By Xu Fan ( China Daily ) Updated: 2015-04-09 07:50:53

Big bucks in funny business

Xu Zheng (right) and Wang Baoqiang play the main roles in Xu's 2012 directorial debut, Lost in Thailand. Photo provided to China Daily

His comments are echoed by Cheng Jiaqi, managing director of Shanghai-based Fundamental Films, which has a close connection with Hollywood and European film makers.

"Lost in Thailand works as a good case for commercial productions. The crew has accurately calculated and designed the number and timing of gags based on viewers' reaction," she says. "Movies are born as a commercial production.
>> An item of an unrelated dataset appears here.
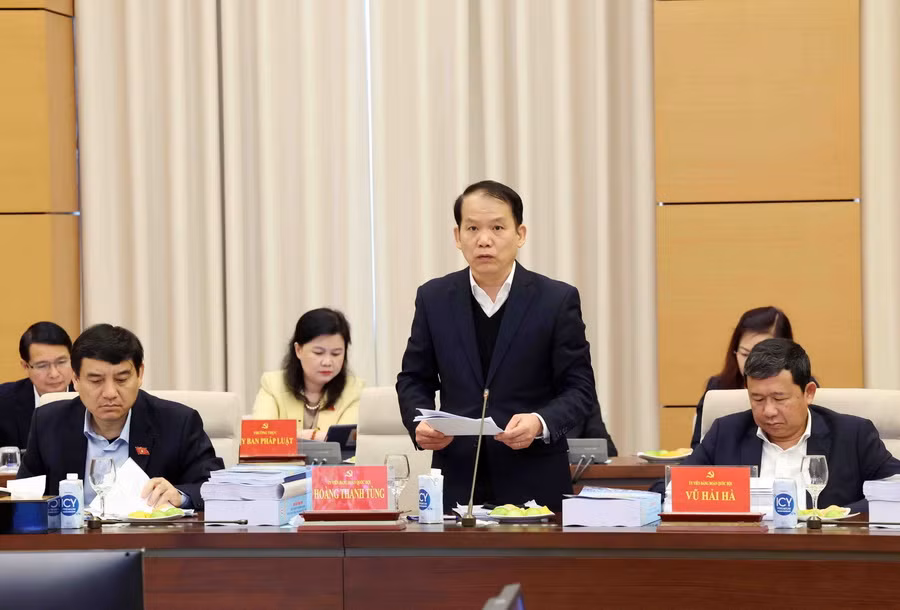 Chủ nhiệm Uỷ ban Pháp luật của Quốc hội Hoàng Thanh Tùng phát biểu ý kiến. (Ảnh: Nhan Sáng/TTXVN)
The more you know the market, the more you get from it."

While many see comedies as a future trend, others have raised concerns the genre can be easily filled with shallow jokes and lacks core values.

"It's hard to predict an upcoming sequel's box office based on its previous installments' performance. Numerous cases in history show that movies with enormous expectations can suffer huge losses," says Zuo Heng, deputy director of cinema studies at the China Film Archives.

"Most of the hit comedy blockbusters are a bit different from the traditional ones because of a close connection with fashion and style. Set in tourist destinations or filled with top brands, they show viewers the life they are dreaming of," he says.

"But such models are easily repeated and moviegoers will eventually get bored. The evergreen comedies are those that discover the ridiculous side of life and humanity. They not only make people laugh but also push them to think."